Protecting the Network

The most common form of security is a user name and password. By developing a personal word, the user can input his or her word and access the account or network. All university networks require the user to authenticate its identity by entering in a user name and password for access to the network. UF encourages its users to change its password frequently. According to UF net services, a password is like underwear: change it often, don’t share them with friends, the longer the better, be mysterious and don’t leave it lying around.

University networks apply Audit Control, a security measure to ensure the activities of all users are monitored. Audit control includes command logging and system monitoring. It records the activities of the user and if the user violates any policy or creates damage, the activity can be reversed. It can identify if a security breach has occurred on the network.

Another common thread in the security inseam is a firewall. A firewall is a program that sits between a computer and the Internet connection. It watches the traffic that goes back and forth and restricts traffic that the user would not want to associate with. A firewall also permits traffic to the user. The purpose and importance of a firewall is to block hackers or Internet criminals who intend on hindering your computer experience if not destroying it altogether.

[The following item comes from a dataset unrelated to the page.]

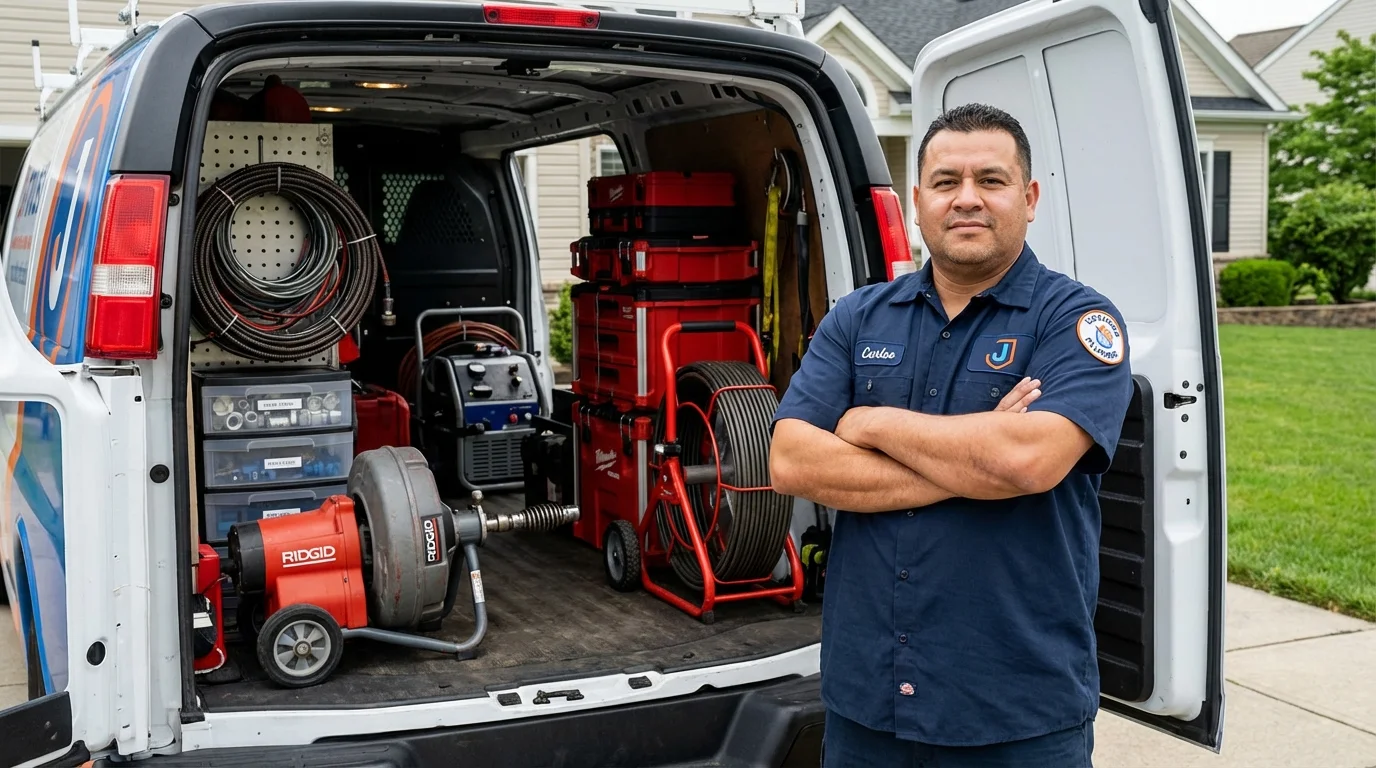 Professional drain cleaning equipment and Johns Plumbing LLC plumber in Monrovia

UF employs firewalls for Gatorlink, its email service. The firewall protects the network against attacks and unauthenticated logins on the email service. Some firewalls prohibit users to access the system from the outside but allow users from the inside to access the outside Internet world. For instance, if an Internet user wanted to access information on a school system, he/she would have to input a user name and password.

Unfortunately, firewalls don’t protect well against viruses. A virus is a piece of programming code that is disguised as something else, like an e-mail. The virus can cause an unexpected and disastrous event. A virus is designed so it can automatically spread to other computers. Most commonly, viruses are transmitted as attachments in an e-mail. Often, the subject to the email is ambiguous. Often, viruses transmit their infection as soon as the infected document is opened or downloaded.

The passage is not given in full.